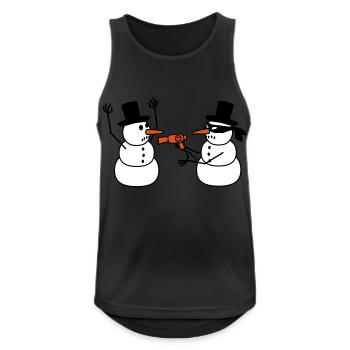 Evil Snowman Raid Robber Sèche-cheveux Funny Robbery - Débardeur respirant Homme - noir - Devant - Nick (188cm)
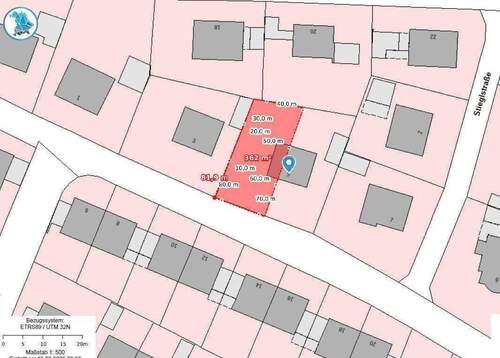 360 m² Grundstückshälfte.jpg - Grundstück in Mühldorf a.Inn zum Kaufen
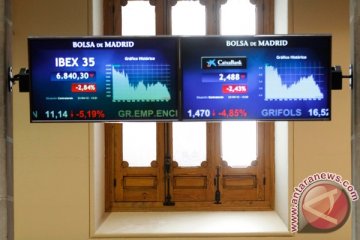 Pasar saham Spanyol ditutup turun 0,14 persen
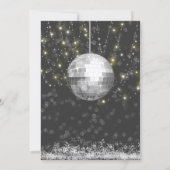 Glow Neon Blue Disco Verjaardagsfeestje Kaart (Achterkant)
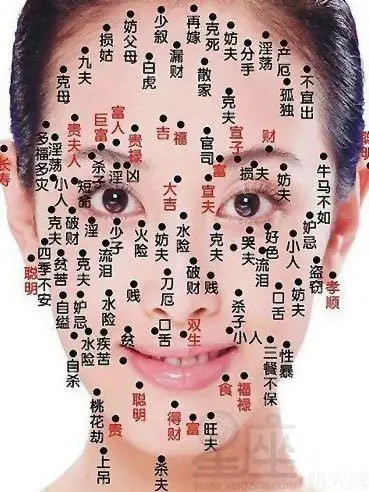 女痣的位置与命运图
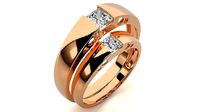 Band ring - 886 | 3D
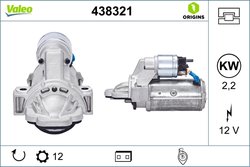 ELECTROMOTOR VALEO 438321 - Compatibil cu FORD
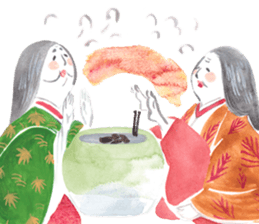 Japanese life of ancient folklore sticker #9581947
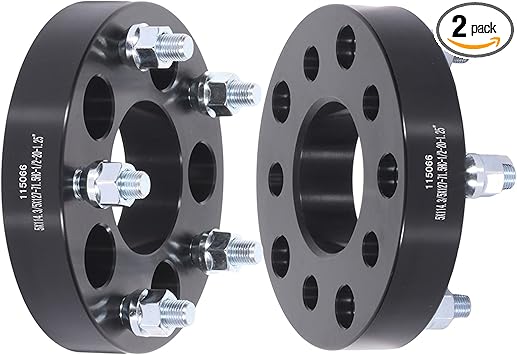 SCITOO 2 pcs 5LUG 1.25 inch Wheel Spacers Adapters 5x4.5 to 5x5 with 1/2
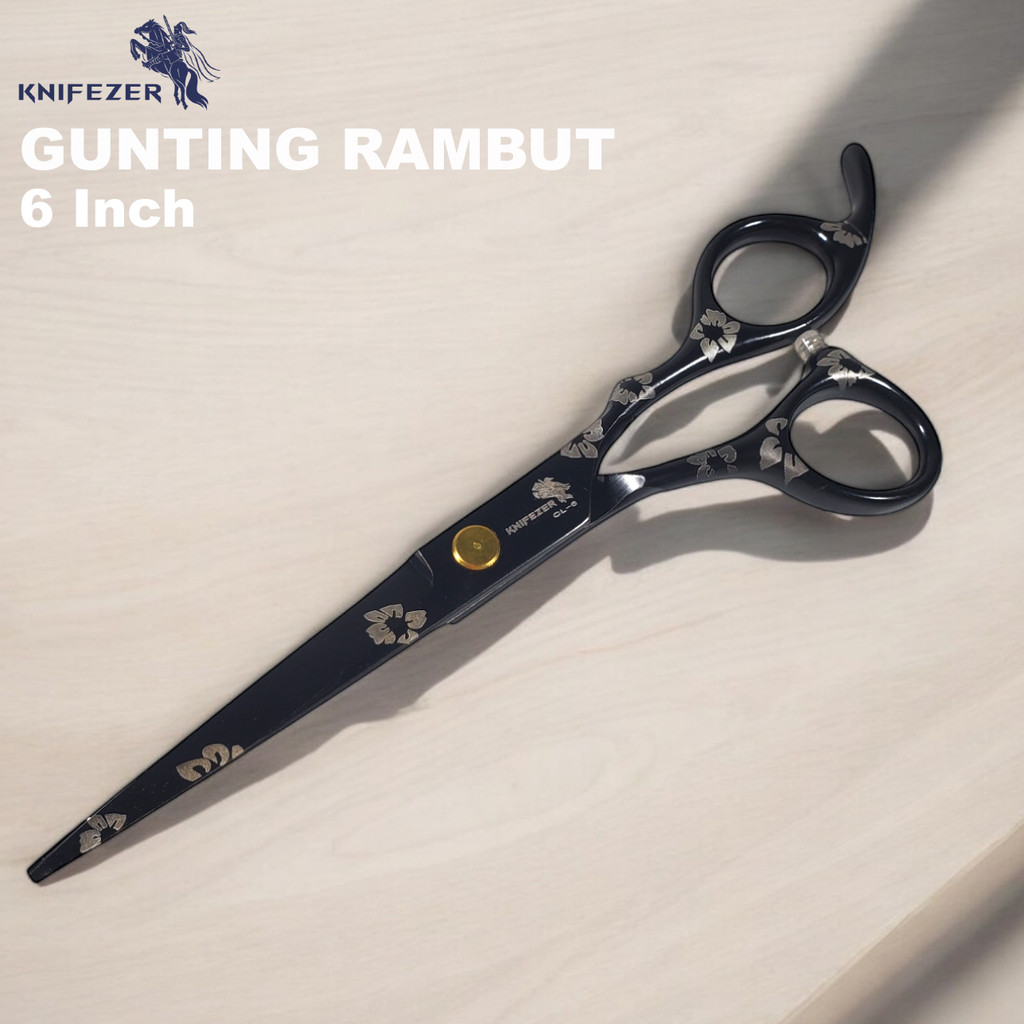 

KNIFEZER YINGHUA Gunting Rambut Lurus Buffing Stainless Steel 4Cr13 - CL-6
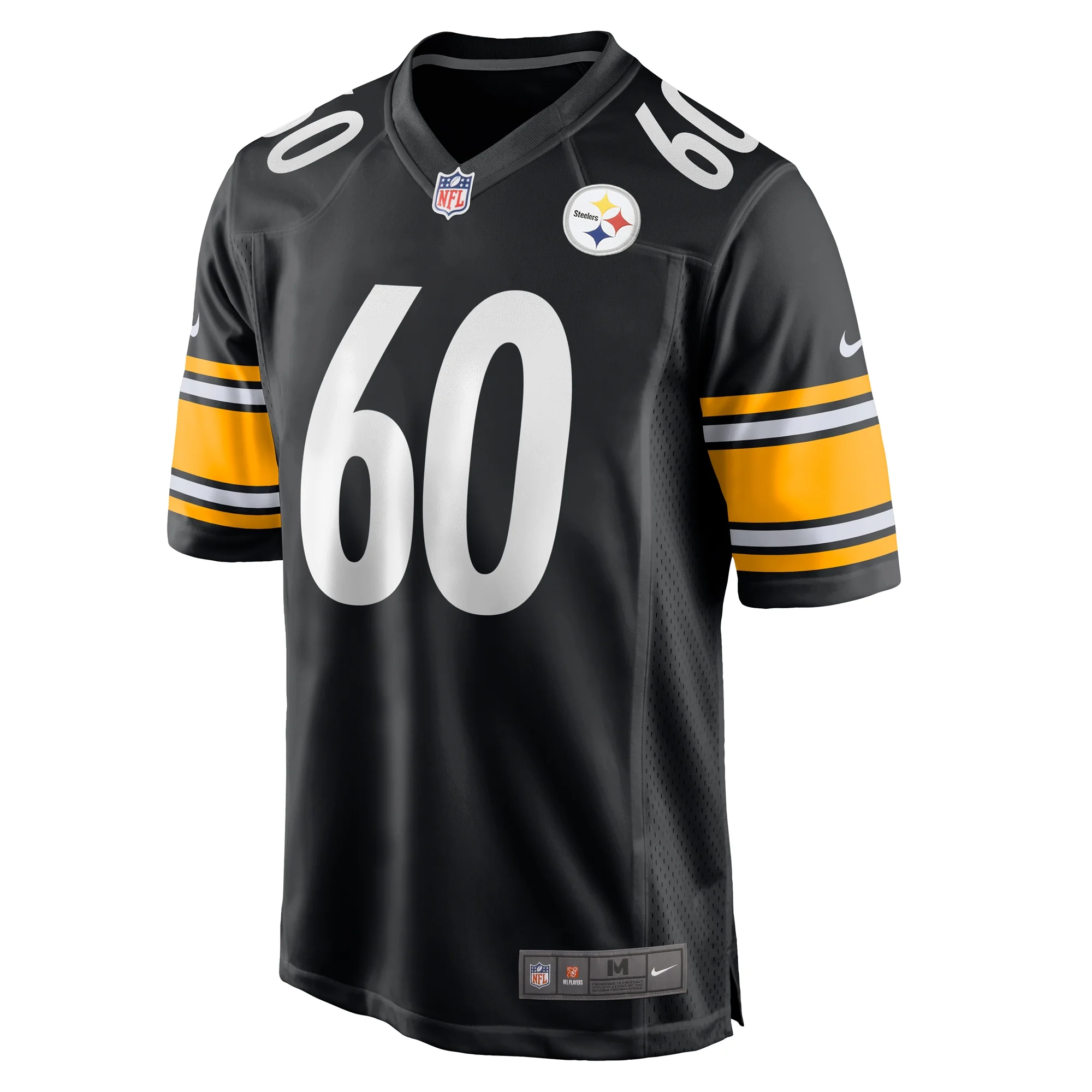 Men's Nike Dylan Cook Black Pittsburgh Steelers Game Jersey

EXERCISE BRIEF — Every line between the one containing "Japanese life of" and the end of the listing, both included, needs to be retyped exactly, minus the pictures.

YOUR RESPONSE —
 Japanese life of ancient folklore sticker #9581947
 SCITOO 2 pcs 5LUG 1.25 inch Wheel Spacers Adapters 5x4.5 to 5x5 with 1/2

KNIFEZER YINGHUA Gunting Rambut Lurus Buffing Stainless Steel 4Cr13 - CL-6
 Men's Nike Dylan Cook Black Pittsburgh Steelers Game Jersey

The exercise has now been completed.